Para un griego, el modelo del idiota era el campesino que se pasaba su vida sin interesarse en nada que ocurriera a una distancia mayor que el mango de su azada. Ese campesino vivía absolutamente sumergido en su particularidad, y los griegos pensaban que eso empobrecía terriblemente su vida. Por eso, uno de los mensajes permanentes de la cultura griega era: “no seamos idiotas”, es decir: “miremos más allá del contexto en el que nos ha tocado nacer”. No se trataba necesariamente de viajar, sino de analizar lo que hay de general y humano en cada situación particular.

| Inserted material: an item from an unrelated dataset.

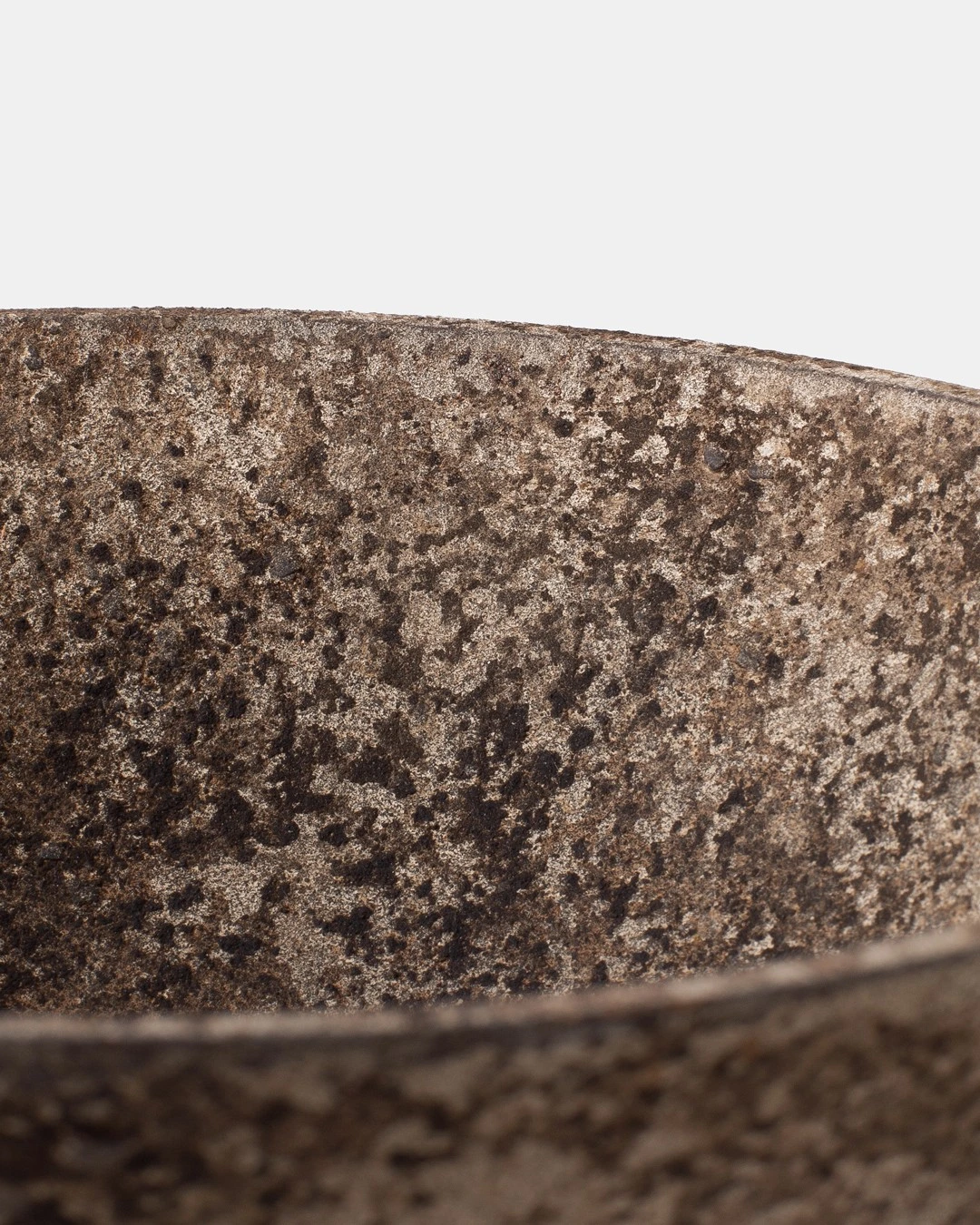 Close-up of the rim of Bowl II by Louis Vincent showing the speckled clay surface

Creo que los griegos tenían razón al decir que no ser idiota es algo muy importante. Y creo que se ha vuelto especialmente importante en el complejo y convulsionado mundo de hoy. En la época de los griegos, la capacidad de mirar la propia situación y la de los demás con cierta perspectiva era simplemente una condición para ser inteligente. Pero es probable que hoy sea una condición de superviviencia. Ejercitar nuestra capacidad de ver lo propio y lo ajeno con mirada lúcida es algo que necesitamos todos, y que necesitamos cada vez más.